Accessing row data works like this:

rowdata = t[ 0 ]

where rowdata will be a Record instance, which is essentially a single-row table, i.e., it also features column data access by name:

value = rowdata["FIRST"]

will make value have the value 1.

Available column typecodes:

Tables provide a number of services:

  • selecting records with arbitrary callbacks
  • indexing with a single/multiple columns or an arbitrary expression
  • sorting
  • joining
  • complex sub-setting (e.g., a[("FIRST","THIRD")] returns a new table with only the "FIRST" and "THIRD" columns)
  • pickling
  • exporting to/importing from delimited ASCII files (using the export_table and import_table standalone functions).
  • grouping and aggregating of table records

FOG 01.2000,08.2002

 
Classes
            
GroupedTable
Table
Record
TableFactory
TableIndex
__builtin__.object
TableColumn
TableStructure
pdk.ErrorClasses.pdkError(exceptions.StandardError)
TableError
TableFactoryError
 
class GroupedTable
     
Purpose:splits a table into groups defined by the levels of one or several ordinal columns

 
   Methods defined here:
__getitem__(self, level)
__init__(self, table, groupKey)
Parameters:
  • table: Table instance to be grouped
  • groupKey: a single column key or a tuple of column keys that define the groups via the Table.levels method or a callable that accepts a record and returns the level for this record or None indicating that this record should be excluded from the groups

Note that the groups are formed by appending each record in the input table table to exactly one (freshly instantiated) group table.
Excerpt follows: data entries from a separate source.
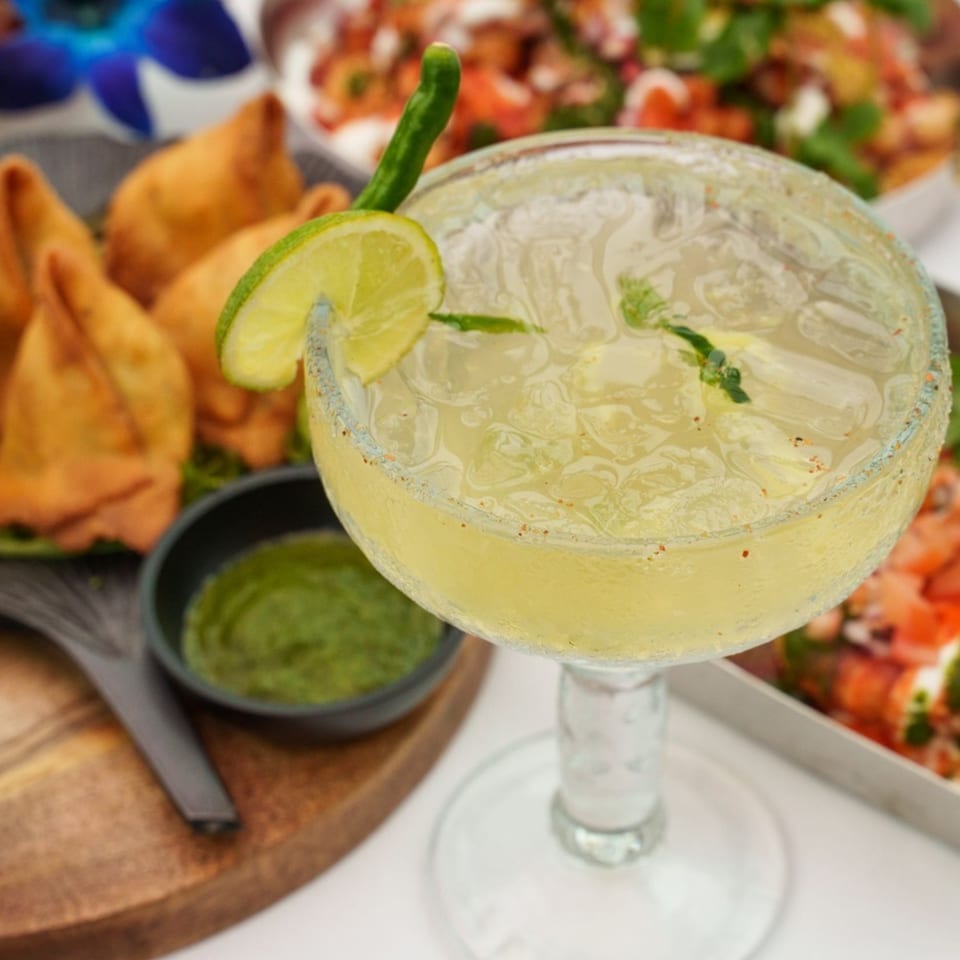 A margarita with a lime wedge and chili salt rim, with Indian samosas and chutney in the background.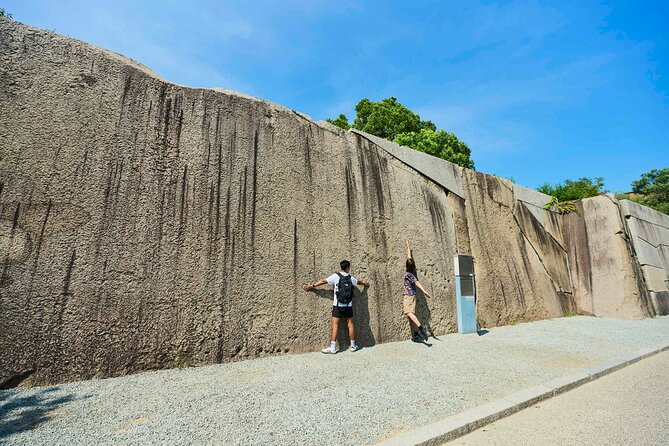 Osaka Castle Walking Tour and Castle Tower Admission - Osaka Castle Main Keep: Military Design, Armor, and the Largest Stone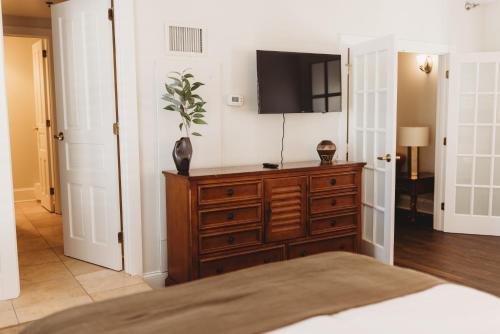 a bedroom with a dresser with a tv on the wall at The Jefferson Inn in Southern Pines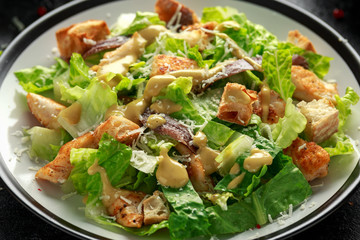 Caesar salad with chicken, anchous fish, croutons, parmesan cheese and greens. healthy food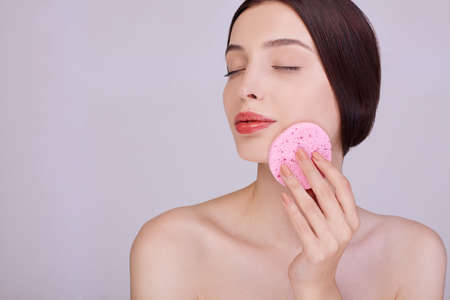 Attractive woman with dark tied hair holds a makeup sponge on her face, takes care of her face, removes pores, poses half naked. Personal care.の写真素材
The number of group tables is defined by the number of levels induced by groupKey.

__len__(self)
aggregate(self, aggregationKey, statistics=<function sum>, column=None)

aggregates the groups in this table group using the common column key aggregationKey. For each group, aggregationKey is passed to the Table.__getitem__ method of the corresponding Table instance, and the result is passed to the statistics callable.
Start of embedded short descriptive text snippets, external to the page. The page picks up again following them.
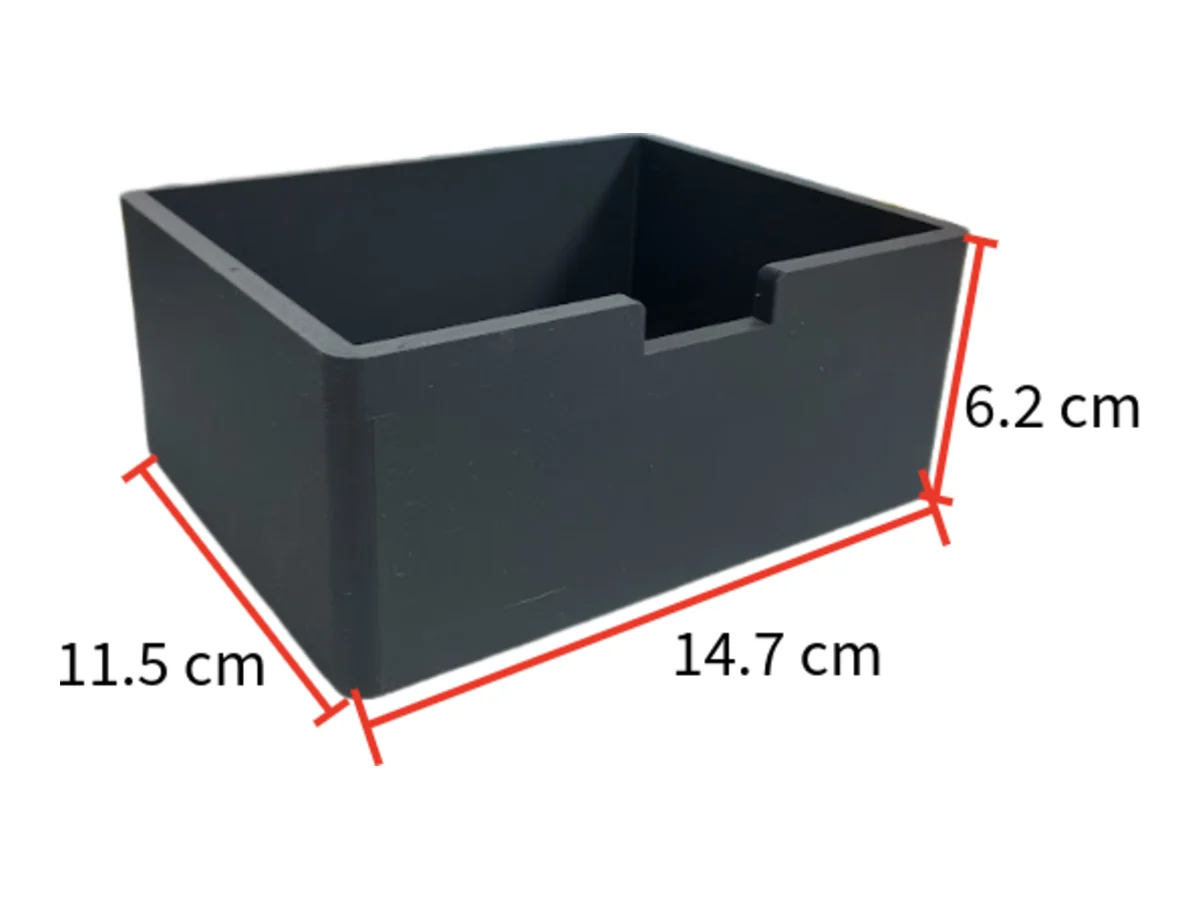 The black light-blocking box, 14.7 by 11.5 by 6.2 centimetres, with a notch cut in one side.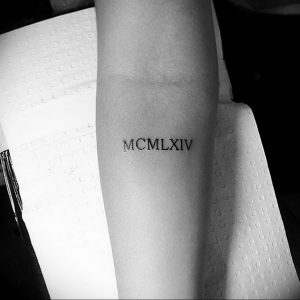 Черно-белое фото тату с римскими цифрами MCMXLIV на предплечье. Простой, элегантный дизайн, выполненный четкими линиями.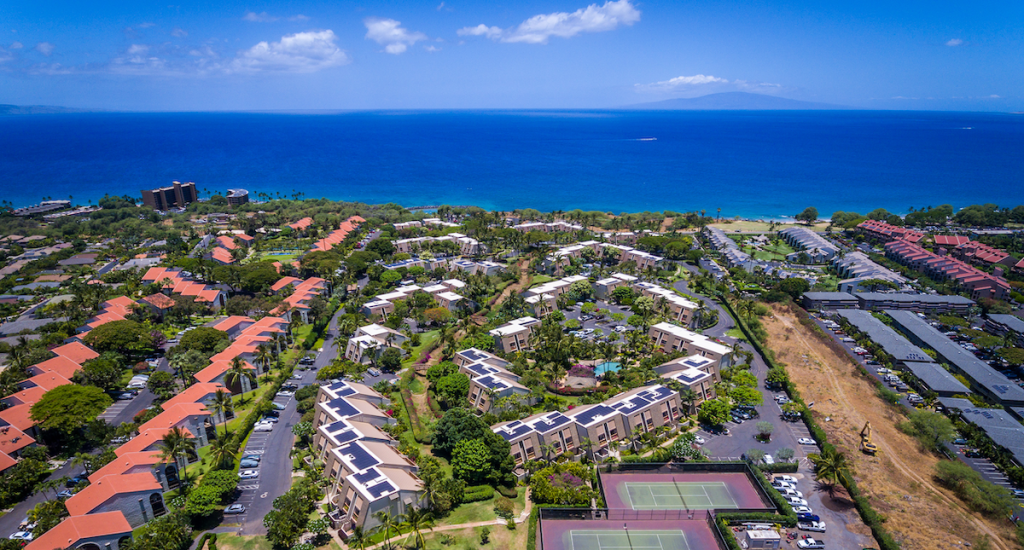Aerial image showing multiple condo developments in South Kihei including four impacted by Bill 9. The shot looks over the buildings to the bright Blue of the Pacific Ocean with the Island of Lanai towards the horizon. Maui Hill, on the left side of the photo, is one of the developments included in County Council sponsored resolutions to change the properties to H3/H4 zoning.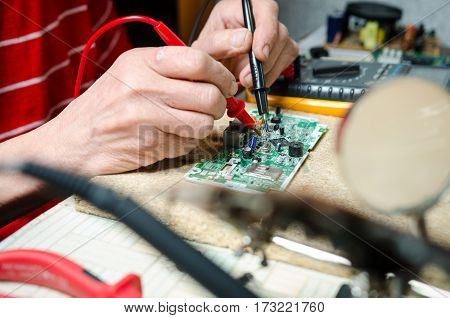 man hands closeup repair electronic device using Multimetr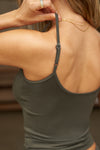 Close up detail back view of model posing in the fitted spruce modal Scoop Neck Cami with thin adjustable straps, scoop neckline and scoop back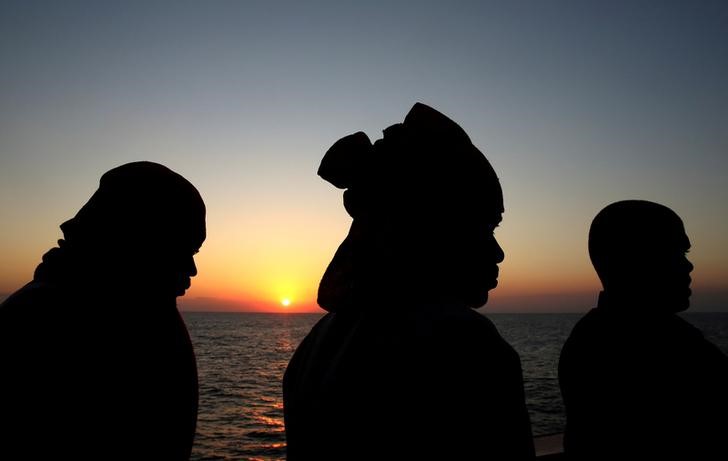 © Reuters. FILE PHOTO: Migrants look on after being rescued by "Save the Children" NGO crew in the Mediterranean sea off Libya coast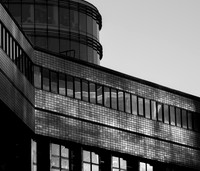 180119 building reflecting sun bw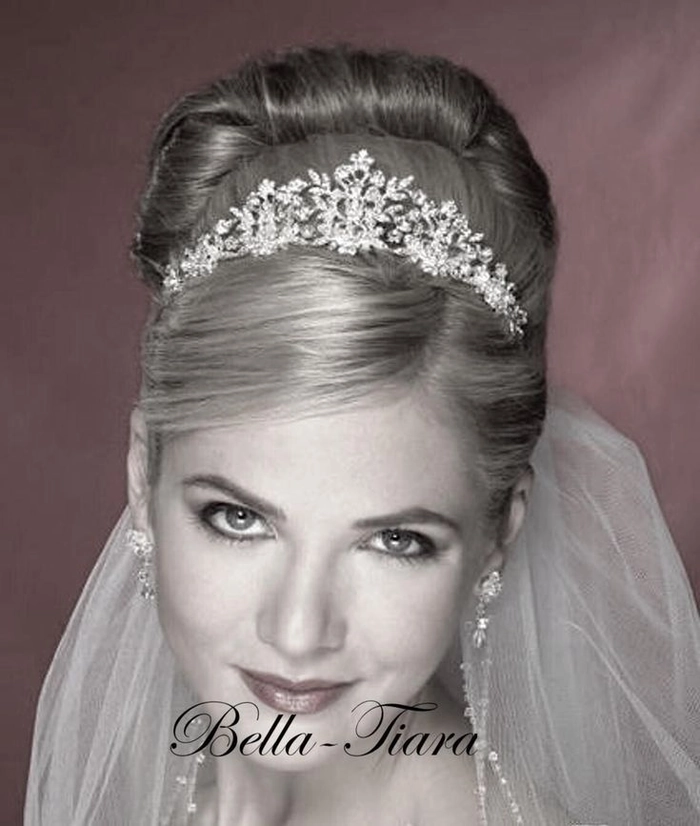 Elegant wedding hair with crystal tiara styled for a classic bridal look Bride showcasing elegant wedding hair with crystal tiara softly placed
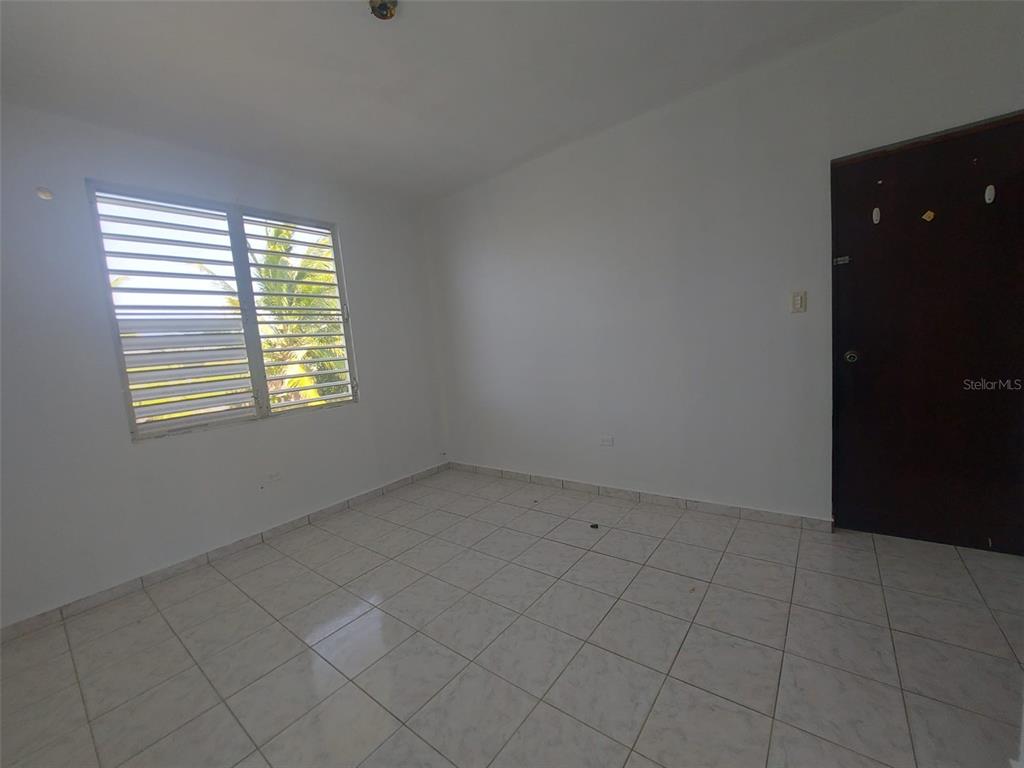 An empty room features white walls, light-colored tiled flooring, a louvered window, and a dark door — Carr. 459 BARRIO CEIBA ALTA, AGUADILLA, PR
Value:a dictionary :: { <level> : <aggregated quantity> }
compress(self)
getGroupKey(self)
returns the group key underlying the table groups (see constructor for possible values).
groupSizes(self)
returns a dictionary ::

{ <level> : <group size> }

for all groups in this grouped table.

groups(self)
returns a dictionary ::

{ <level> : <group table> }

where <group table> is a Table instance comprising all records of the input table that belonged to the group defined by <level>.

levels(self)
returns the list of levels for the grouped table.
 
class Record(Table)
     
Purpose:container class for data from a single record of an Table
Detail:keeps most of the interface of a full table, but restricts data access to a single row of data.

 
   Methods defined here:
__contains__(self, other)
implements containment. Returns true if the values for all column keys in self that are also in other are equal. Note that this does not include the case where other defines additional keys not defined by self. This way, the only presumption made about other that it supports sequential access.
__eq__(self, other)
implements an equality test. Two records compare equal if all their fields compare equal.
__getitem__(self, key)
__init__(self, data, structure, **optionD)
__setitem__(self, key, value)
items(self)
keys = getColumnKeys(self)
update(self, *recordItemTT, **recordDataD)
values(self)
 
class Table
     
Purpose:a record-oriented data table (or "data base") with variable column data types
Detail:

Adds record-based operations to the base class.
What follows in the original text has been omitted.